As far as can be determined, the five councilors on the eight-member board who voted against Mr. McCarthy didn’t believe he interviewed well with them. Last fall, when Mr. McCarthy was rejected on a tie 3-3 vote, opponents claimed he indicated that he would offer help to inexperienced prosecutors who were struggling during trials. That claim is of dubious merit, but the issue evidently persists.

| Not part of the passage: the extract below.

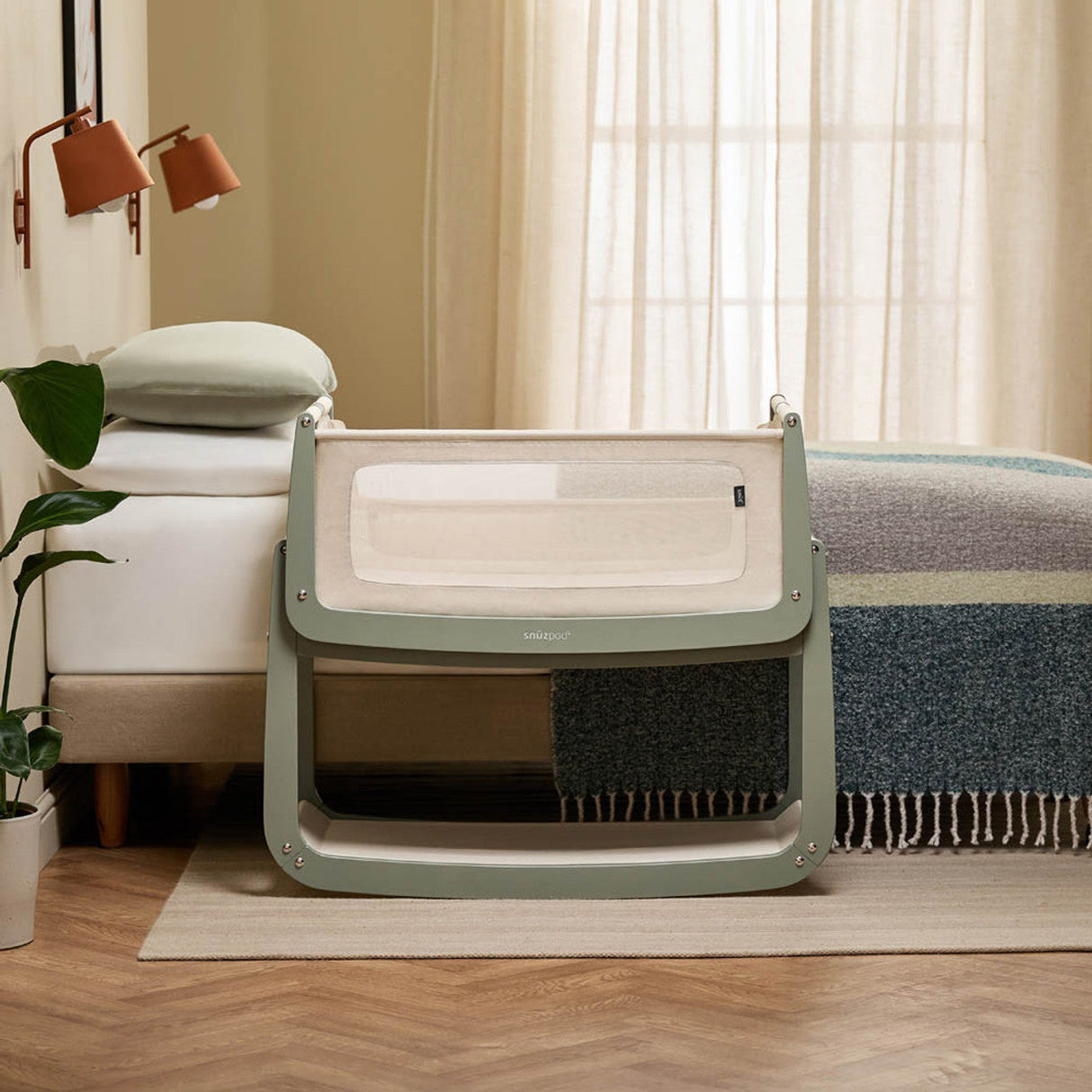 Snuzpod 5 Bedside Crib - Sage 2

In favor of Mr. McCarthy, a former Pittsfield city solicitor and assistant district attorney now in private practice, are endorsements offered from Berkshire judges, Berkshire District Attorney David Capeless and area leaders from business and politics. Governor’s Council members are not required to have any legal experience, and the five councilors who voted against Mr. McCarthy apparently know him better than the Berkshire residents who support him even though the closest of the five to the Berkshires lives south of Worcester. The five ‘no’ votes came from Jennie Caissie (Oxford), Eileen Duff (Gloucester), Christopher Ianella (Boston), Terrence Kennedy
A governor, in this case Deval Patrick, should get his judicial nominees unless there is solid evidence that they are unqualified or corrupt. There is no such evidence in this case, and while the councilors dither, an opening created with the retirement of Judge James B. McElroy must continue to be filled by an acting judge, Fredric D. Rutberg, of the Central Berkshire District Court. Absent any good reason for Mr. McCarthy’s rejection, Councilor Michael Albano tells the Eagle he will urge him to resubmit his application.
In mid-2011, state Senate President Therese Murray, after an earlier Governor’s Council embarrassment involving judicial nominees, offered legislation eliminating the Council, and while the process to do so is lengthy, if the legislation had advanced then the process would be well under way today. As it is, Mr. McCarthy is the apparent victim of what Pittsfield state Representative Tricia Farley-Bouvier accurately calls "the antiquated process of a broken system."